** Data section **

▼

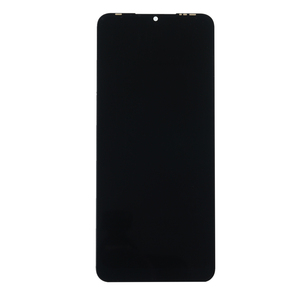 หน้าจอสัมผัสจอแสดงผล LCD สำหรับ infinix Hot 10S Display สำหรับ LCD infinix Hot 10S X689สำหรับ infinix 10S X689การเปลี่ยน LCD - Product Image 2
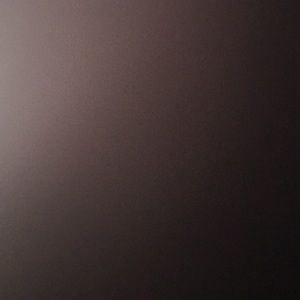 Meet your Posher, Kyla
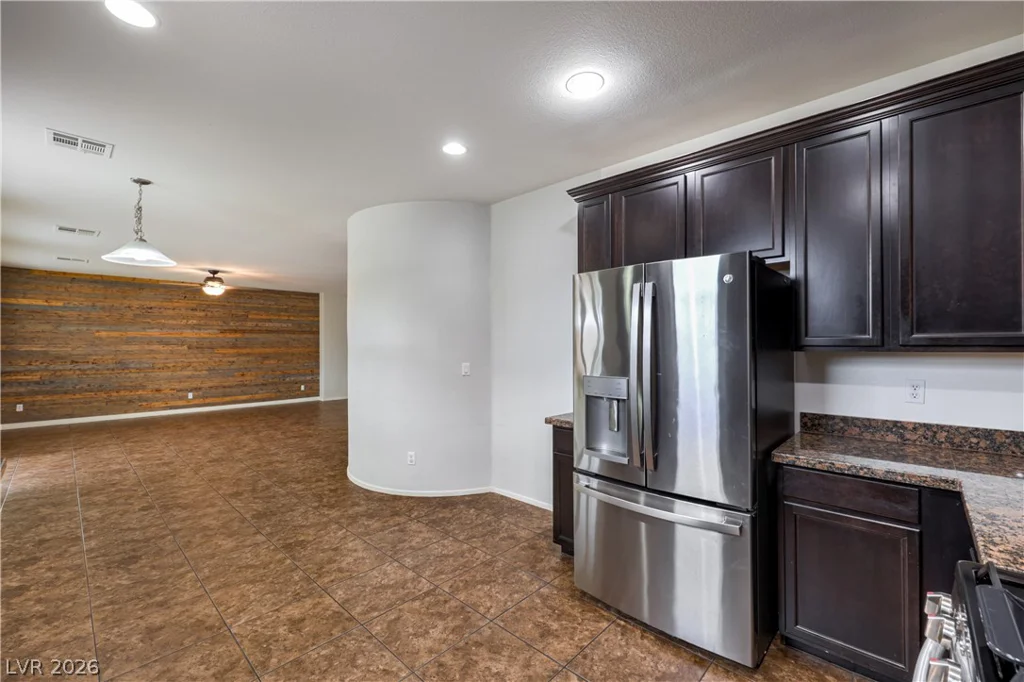 6425 Trautman, Las Vegas, NV 89149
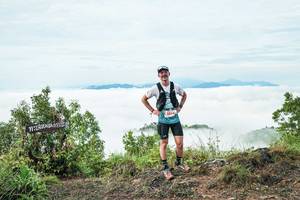 BIB: 
                            <button type="button" onclick="openModal(26376796)" class="btn btn-primary btn-sm float-right btn-popup" data-toggle="modal" data-target=".modal-high-quality">
                        <i class="fas fa-shopping-cart"></i> Add to Cart
                    </button>
                                            <button type="button" onclick="isThisMe(26376796, true)" class="btn btn-success btn-sm float-right btn-popup btn-isme hidden" data-toggle="tooltip" data-placement="bottom" title="นี่คือรูปของคุณใช่ไหม คลิกที่นี่เพื่อเอาเข้าอัลบั้ม">
                        <i class="fas fa-plus"></i> Add to album
                    </button>
                    <button type="button" onclick="isThisMe(26376796, false)" class="btn btn-warning btn-sm float-right btn-popup btn-isnotme hidden">
                        <i class="fas fa-ban"></i> Remove from album
                    </button>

▲

** Task to carry out **
Repeat each record as given. No picture belongs in the copy.

** Exercise result **
 หน้าจอสัมผัสจอแสดงผล LCD สำหรับ infinix Hot 10S Display สำหรับ LCD infinix Hot 10S X689สำหรับ infinix 10S X689การเปลี่ยน LCD - Product Image 2
 Meet your Posher, Kyla
 6425 Trautman, Las Vegas, NV 89149
 BIB: 
                            <button type="button" onclick="openModal(26376796)" class="btn btn-primary btn-sm float-right btn-popup" data-toggle="modal" data-target=".modal-high-quality">
                        <i class="fas fa-shopping-cart"></i> Add to Cart
                    </button>
                                            <button type="button" onclick="isThisMe(26376796, true)" class="btn btn-success btn-sm float-right btn-popup btn-isme hidden" data-toggle="tooltip" data-placement="bottom" title="นี่คือรูปของคุณใช่ไหม คลิกที่นี่เพื่อเอาเข้าอัลบั้ม">
                        <i class="fas fa-plus"></i> Add to album
                    </button>
                    <button type="button" onclick="isThisMe(26376796, false)" class="btn btn-warning btn-sm float-right btn-popup btn-isnotme hidden">
                        <i class="fas fa-ban"></i> Remove from album
                    </button>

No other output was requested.